A SOUTH African peacekeeper for the United Nations (UN) and African Union (AU) Mission in Darfur (Unamid) was killed and three other South Africans wounded in an ambush in Northern Darfur, Sudan on Wednesday.
The ambush is the second widely reported incident of South Africans killed abroad — eight South Africans were killed in a suicide bombing in Kabul last month, allegedly linked to the uproar that followed the release of a short film insulting Islam.
Four Nigerian Unamid peacekeepers were killed in the west of Darfur earlier this month.
The ambush on Wednesday took place 10 kilometres north of Habasha in Northern Darfur. A convoy was en route to Habasha from Kutun to assess the situation in the area after reports of violence, according to a press statement from Unamid.
The UN Security Council has condemned the attack and UN General Secretary Ban Ki Moon called for an investigation into the Sudan ambush. Mr Moon’s spokesperson Martin Nesirky expressed condolences to the victim’s family, Unamid and the South African government.

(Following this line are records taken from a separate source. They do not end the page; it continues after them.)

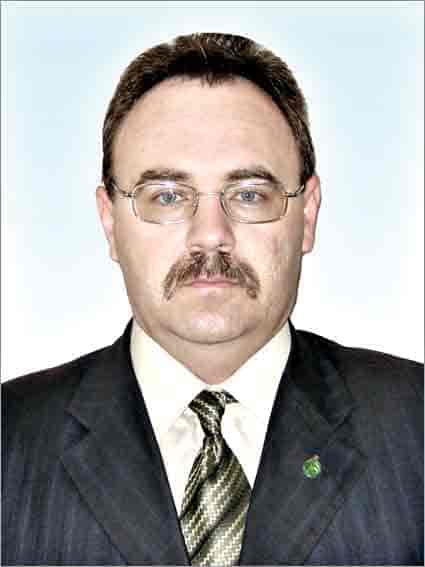 Рабочий поселок Горный Красносулинского района насчитывает 2,8 тысячи жителей. В бюджете поселения собственных средств для развития спорта выделяется последние четыре года аж 40 тысяч рублей. Однако, по статистике, которую ведет глава администрации городского поселения Павел КОРЧАГИН, спортом здесь занимается каждый пятый житель. Но это – не предел.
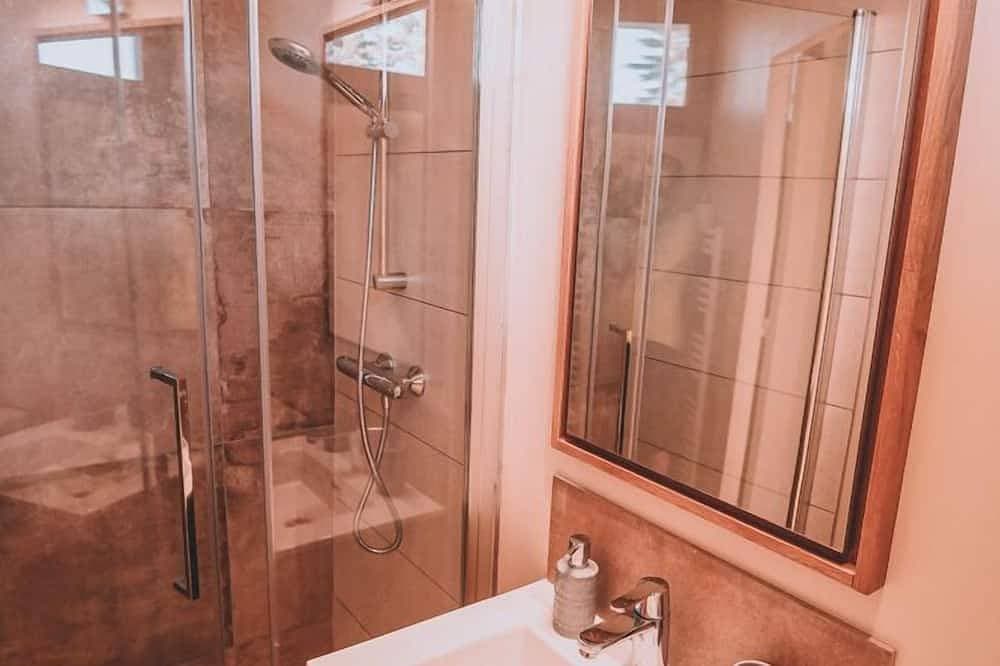 Foto 8 von 16: Gîte-Modern-Ensuite mit Bad-Terrasse-4 étoiles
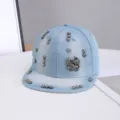 Gorra de béisbol de ala plana de denim azul claro con tachuelas metálicas para mujer. - Ajustable / Motivo de Ala de Águila / Azul claro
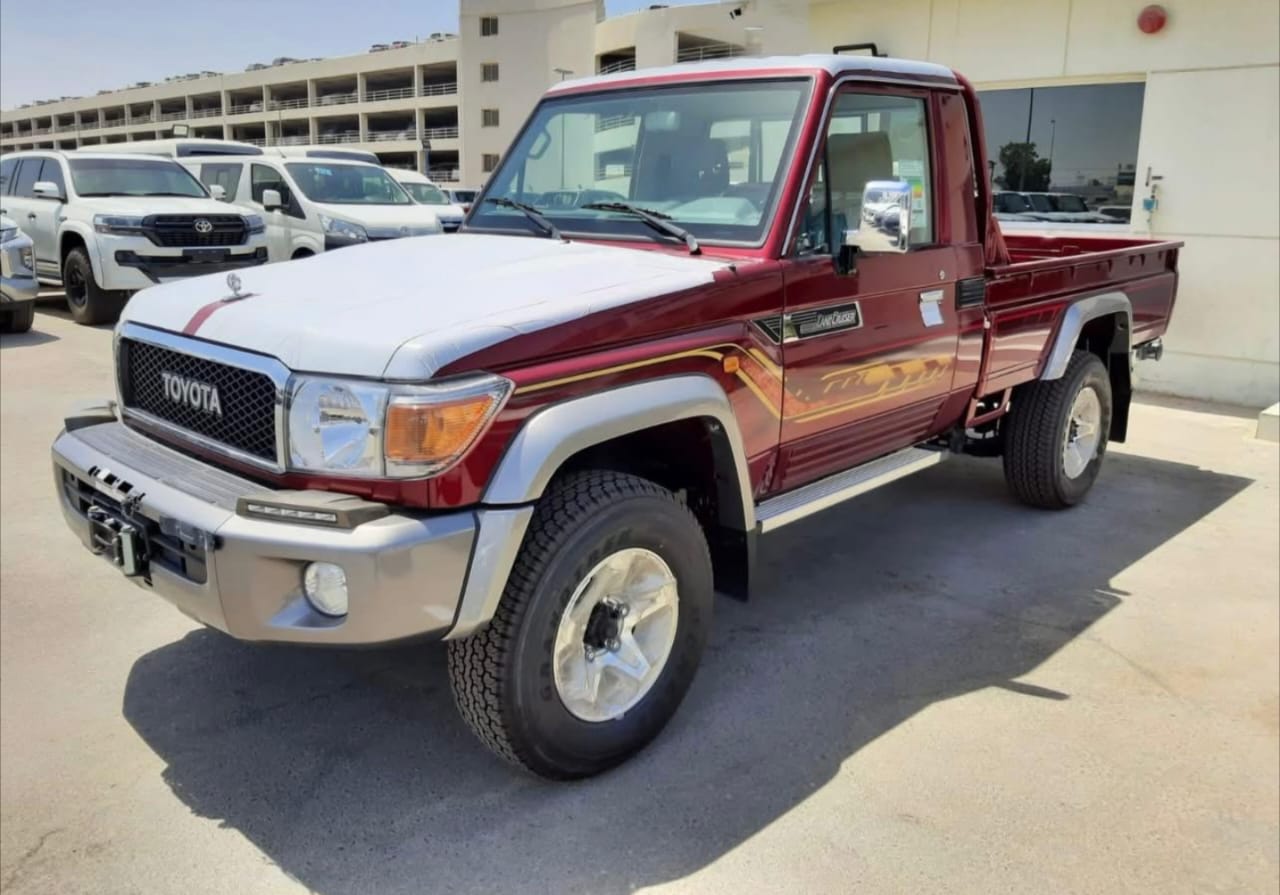 2019 Toyota Land Cruiser Pickup - Image 10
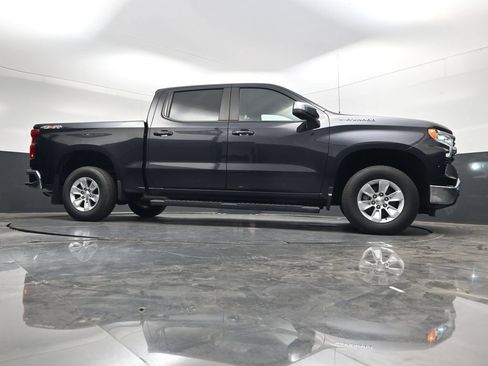 Used 2022 Chevrolet Silverado 1500 LT AWD/4WD image 39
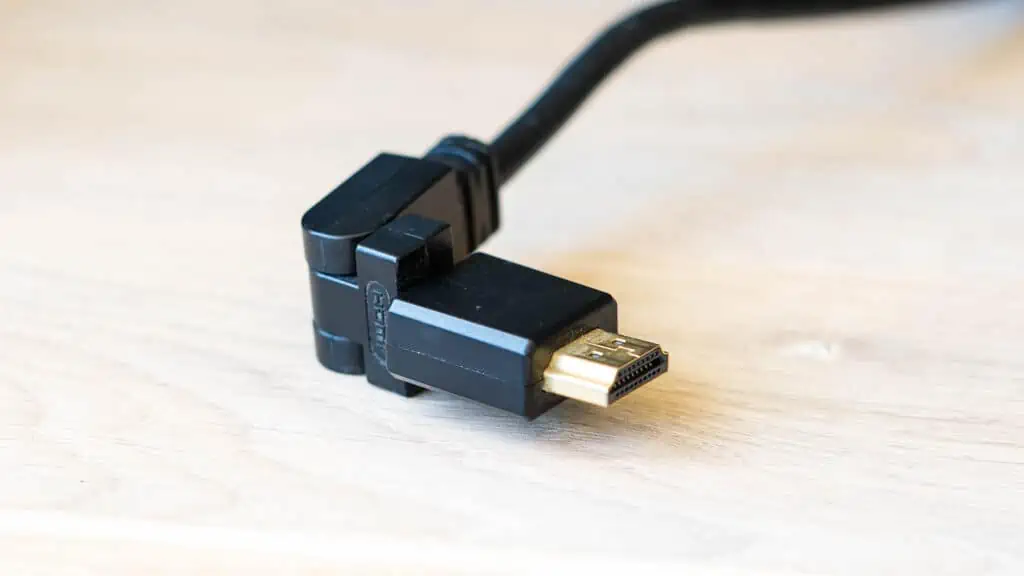 Een HDMI-plug die draaibaar is voor lastig bereikbare hoeken.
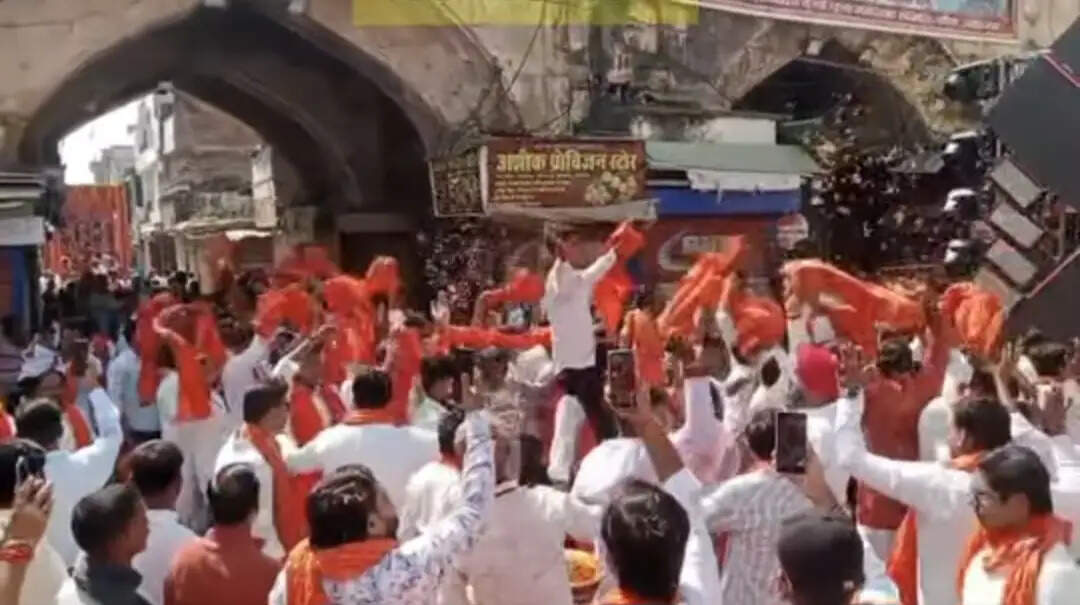 धूमधाम से निकली मां दुर्गा की शोभायात्रा, पुष्पवर्षा से हो हुआ स्वागत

According to Mr Nesirky all the victims of the attack were from South Africa.
Chief mediator and acting joint representative Aichatou Mindaoudou blasted the attack, calling on the Sudanese government to "investigate the incident and bring the perpetrators to justice".
"I condemn, in the strongest possible terms, the second criminal attack on our brave peacekeeper(s) in the course of this month, during which we have lost five peacekeepers. These attacks will not shake our resolve to fulfil our mandate and help the poor people of Darfur," said Ms Mindaoudou.
Unamid has over 22,000 international troops and officers providing relief and assistance to displaced locals, including dispatching water in Kutum, North Dafur.
Since Unamid’s deployment in late 2007, 43 peacekeepers have been killed in instances of violence in the area.